I have this following dataframe representing responses from five individuals. There is four different responses Yes, No, Inc, Vag.
data_test = data.frame(Val_Av=c("Yes", "No", "Inc", "Yes", "No", "Yes", "No", "Inc", "Vag", "Yes"),
Val_Am=c("No", "No", "No", "Inc", "No", "Yes", "Yes", "Inc", "Vag", NA),
Val_ZM=c(NA, NA, NA, "Yes", "No", NA, "No", "Inc", "Vag", "Yes"),
Val_FC=c("No", "No", "No", NA, "No", "Yes", "Yes", "Yes", "Inc", "No"),
Val_CL=c("Yes", "No", "Inc", "Yes", "No", "Yes", "No", NA, NA, "Yes"))
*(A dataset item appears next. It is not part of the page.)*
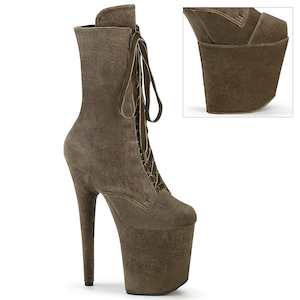 Womens Mid Calf Boots: FLAMINGO-1045VEL Khaki Velvet/Khaki Velvet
Val_Av Val_Am Val_ZM Val_FC Val_CL
1 Yes No <NA> No Yes
2 No No <NA> No No
3 Inc No <NA> No Inc
4 Yes Inc Yes <NA> Yes
5 No No No No No
6 Yes Yes <NA> Yes Yes
7 No Yes No Yes No
8 Inc Inc Inc Yes <NA>
9 Vag Vag Vag Inc <NA>
10 Yes <NA> Yes No Yes
I would like to create another variable summarising the responses following several rules
If the response is the same in all the variables write the response (ex: line2 -> No, line5-> No, line6 -> Yes)
If there is no Yes in the response, concat all the unique values (ex: line3 -> Inc;No, line 9 -> Vag;Inc)
If there is a Yes in the responses AND
- if there is strictly more Yes than other responses, write Yes (ex line 10 -> Yes, line4 -> Yes)
- if there as much Yes as other responses, write "Dif" (Ex line 1-> Dif)
- if there is strictly less Yes than other responses, concat all the unique value (Ex line8 -> Inc;Yes, line7->No;Yes)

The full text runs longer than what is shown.